- THE INPUT -
┄┄┄┄┄┄┄┄┄┄┄┄┄┄┄┄┄┄┄┄
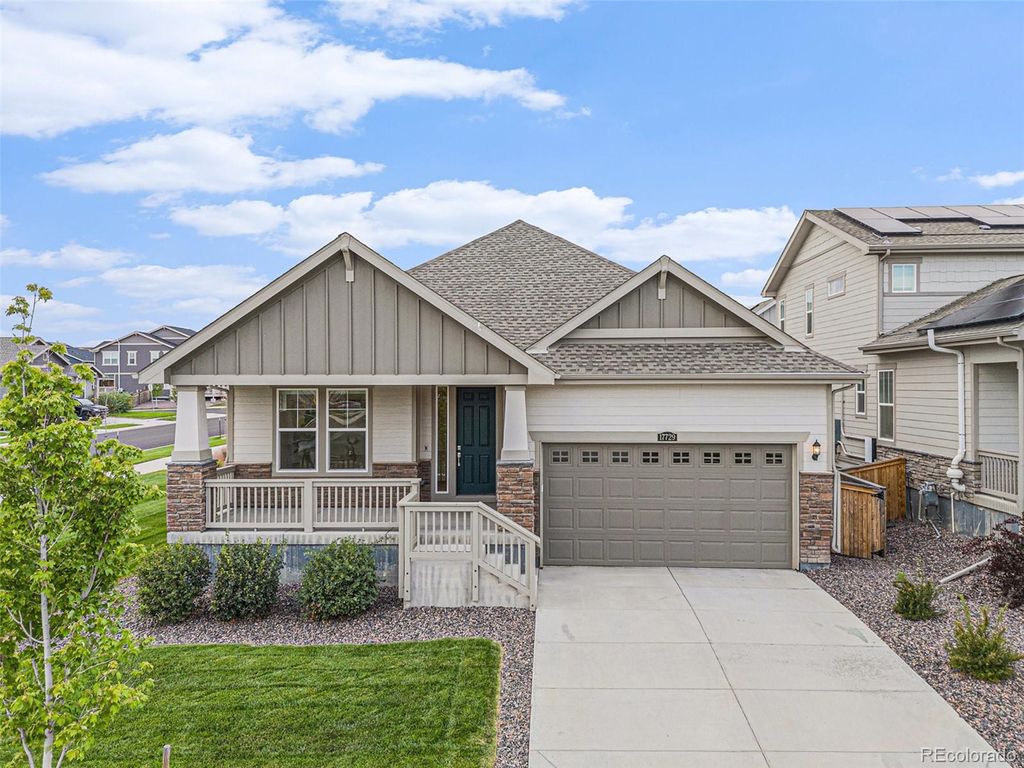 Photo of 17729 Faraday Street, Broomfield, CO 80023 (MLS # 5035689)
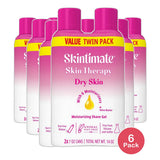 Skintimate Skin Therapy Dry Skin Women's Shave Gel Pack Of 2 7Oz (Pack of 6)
┄┄┄┄┄┄┄┄┄┄┄┄┄┄┄┄┄┄┄┄
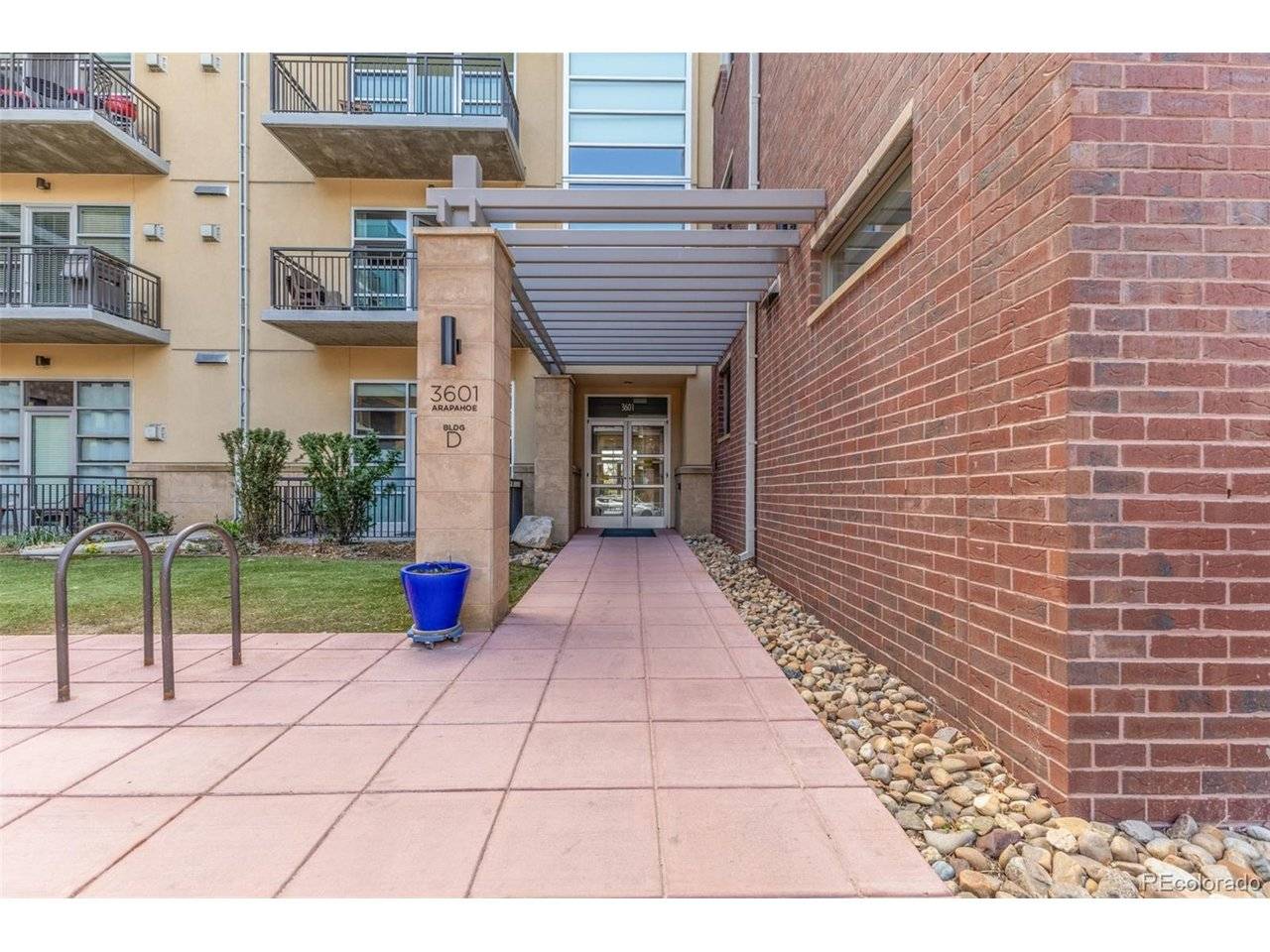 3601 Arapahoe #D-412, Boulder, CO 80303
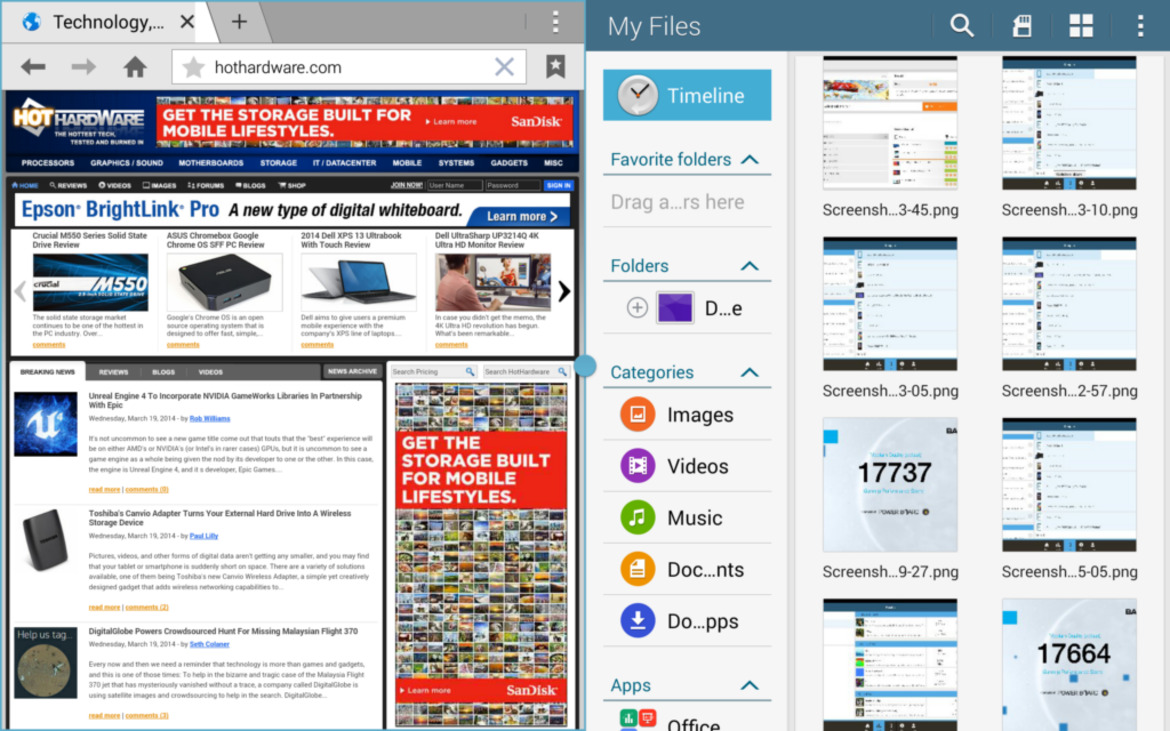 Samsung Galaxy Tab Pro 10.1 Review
┄┄┄┄┄┄┄┄┄┄┄┄┄┄┄┄┄┄┄┄
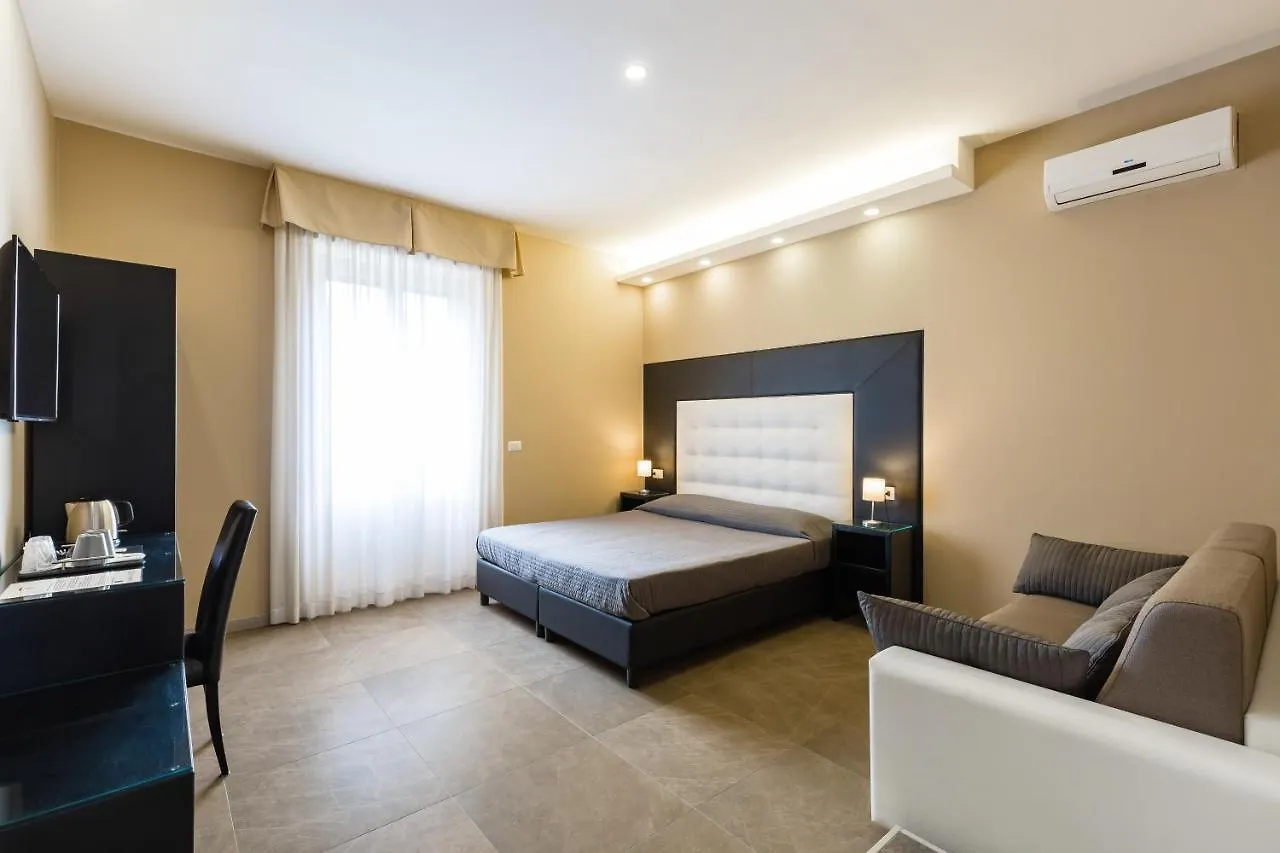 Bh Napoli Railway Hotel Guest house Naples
┄┄┄┄┄┄┄┄┄┄┄┄┄┄┄┄┄┄┄┄
- EXERCISE GOAL -
From the records above, give again only the part that opens with the line containing "Photo of 17729" and closes with the line containing "Skintimate Skin Therapy". Keep both ends but drop the pictures.

- SOLUTION TO THIS PROBLEM -
 Photo of 17729 Faraday Street, Broomfield, CO 80023 (MLS # 5035689)
 Skintimate Skin Therapy Dry Skin Women's Shave Gel Pack Of 2 7Oz (Pack of 6)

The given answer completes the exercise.